Within this context, two notable articles have been published. The first, by Dr. Eitan Shamir at the Begin-Sadat Center for Strategic Studies, asks: “Why Did Trump Go to War?” The second, by Danny Zaken, poses the question: “Who Really Dragged Whom into War?” Both challenge the prevailing narrative that Netanyahu dragged Trump into an unnecessary, optional war that primarily served Israeli—perhaps even personal—interests, and that has since become a liability for the U.S. administration.
 
Instead, these authors advance alternative explanations. Some focus on Trump’s own personality, suggesting a long-standing antagonism toward Iran, reflected in his previous statements and positions.
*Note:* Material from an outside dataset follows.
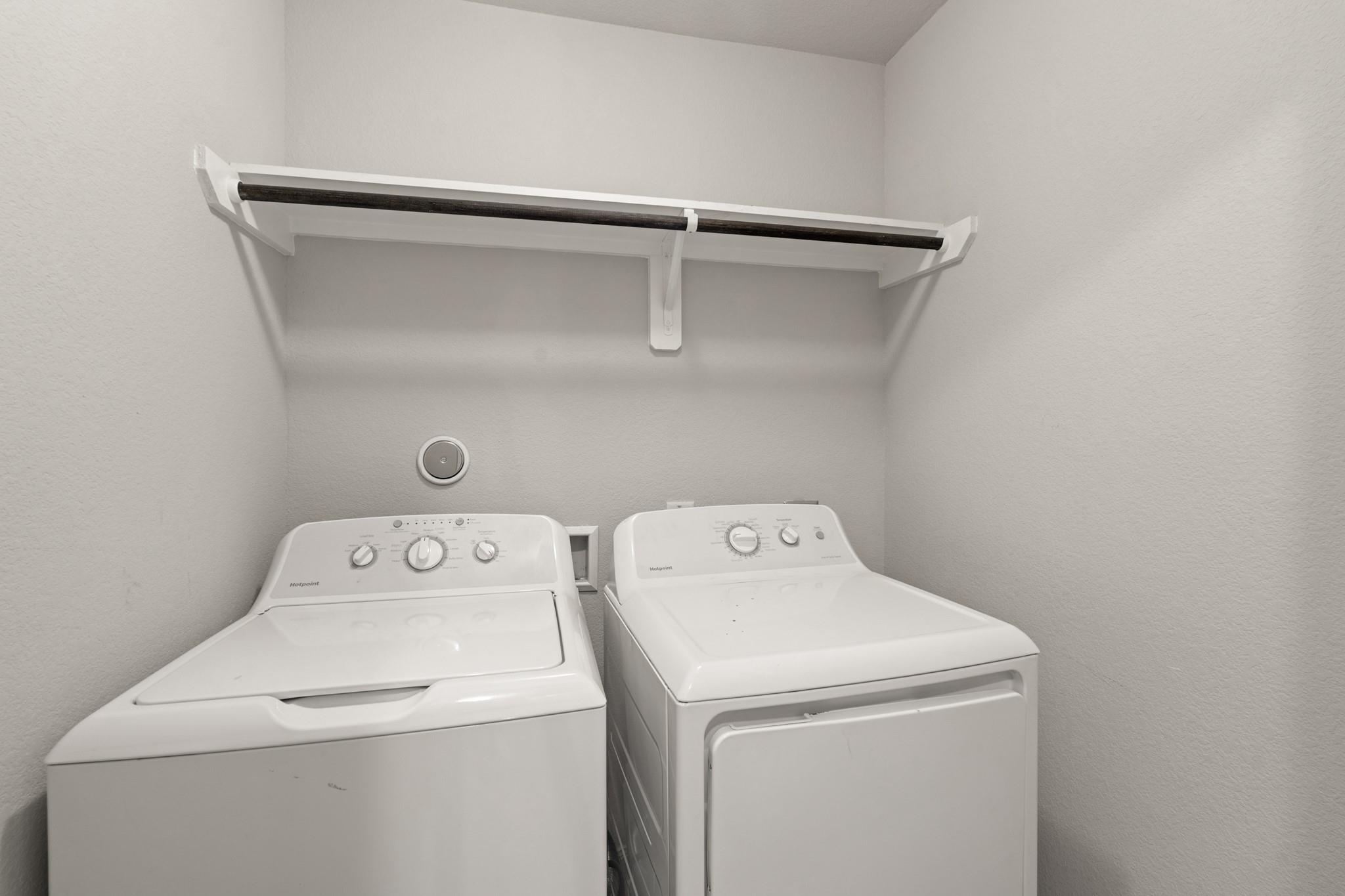 24806 Bastiani Canvas Lane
Others point to his sense of personal affront in dealings with Tehran. Shamir, in particular, emphasizes a neorealist framework that situates the war within the broader strategic competition between the United States and China. Zaken, meanwhile, stresses that decision-making in the United States is institutional, complex, and far removed from the simplistic narrative of manipulation.
 
In conclusion, these American and Israeli debates reveal more than a disagreement over causality. They signal, first, the emergence of a new phase in the structuring of U.S.–Israel relations within both domestic arenas; and second, a growing sense of unease over the current outcomes of the war and the failure to achieve the decisive victory that both Trump and Netanyahu had promised.